__Task brief__.
Every line from the one containing "CABaN コットンカシミヤ エンブレムクルーネックカーディガン ¥46,200" to the one containing "Moser Cabochon Cranberry Cruet (1 of 7)" in the records below, both included, must be set down exactly, and no other line.

__Record set__.
************

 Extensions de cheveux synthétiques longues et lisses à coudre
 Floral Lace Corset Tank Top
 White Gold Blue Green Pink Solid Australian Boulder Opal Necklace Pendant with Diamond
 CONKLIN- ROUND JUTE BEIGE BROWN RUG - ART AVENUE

************

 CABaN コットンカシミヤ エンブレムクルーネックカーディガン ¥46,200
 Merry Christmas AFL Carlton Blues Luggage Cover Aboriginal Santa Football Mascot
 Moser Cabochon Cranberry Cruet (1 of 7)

************

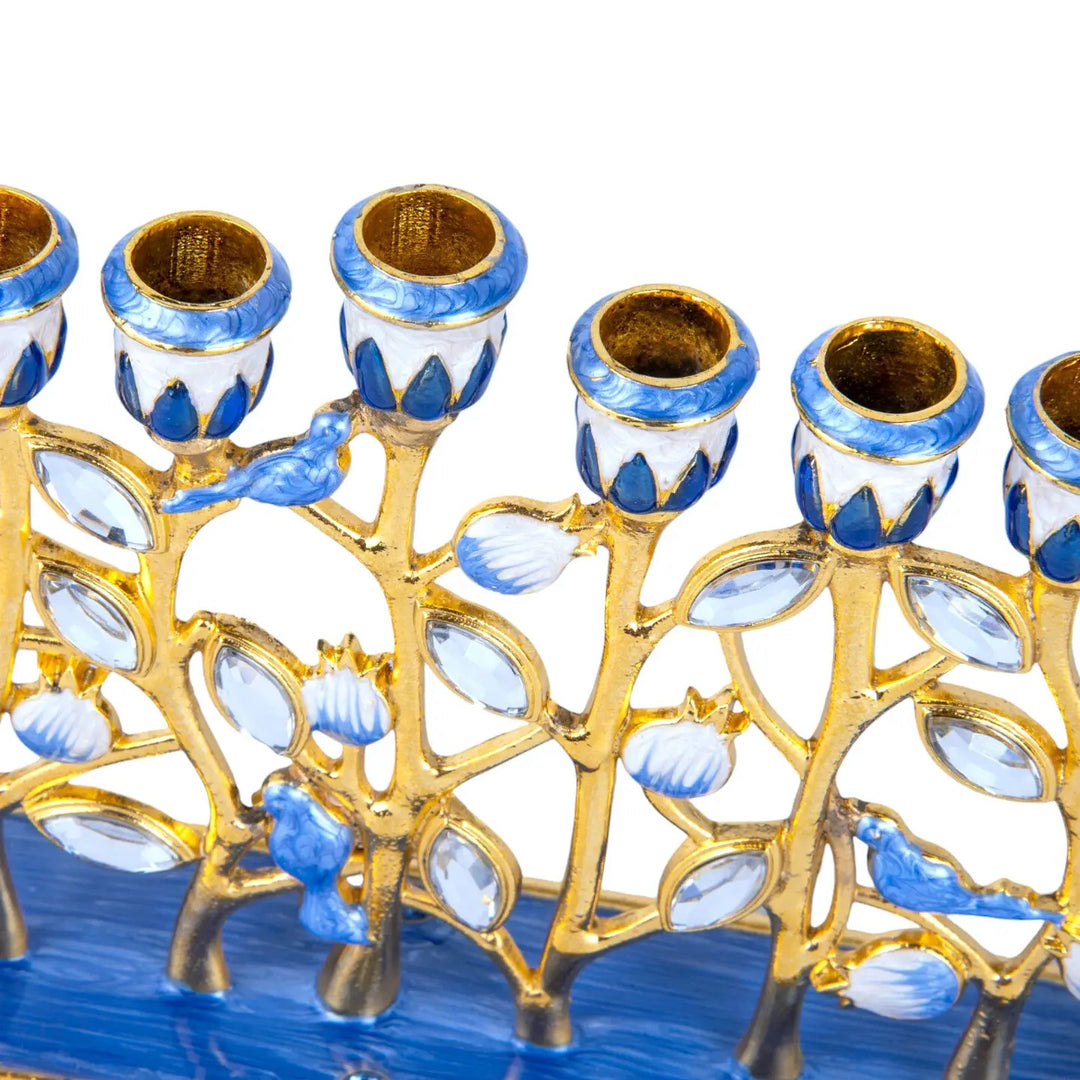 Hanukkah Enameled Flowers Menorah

************

__Solution to this exercise__.
 CABaN コットンカシミヤ エンブレムクルーネックカーディガン ¥46,200
 Merry Christmas AFL Carlton Blues Luggage Cover Aboriginal Santa Football Mascot
 Moser Cabochon Cranberry Cruet (1 of 7)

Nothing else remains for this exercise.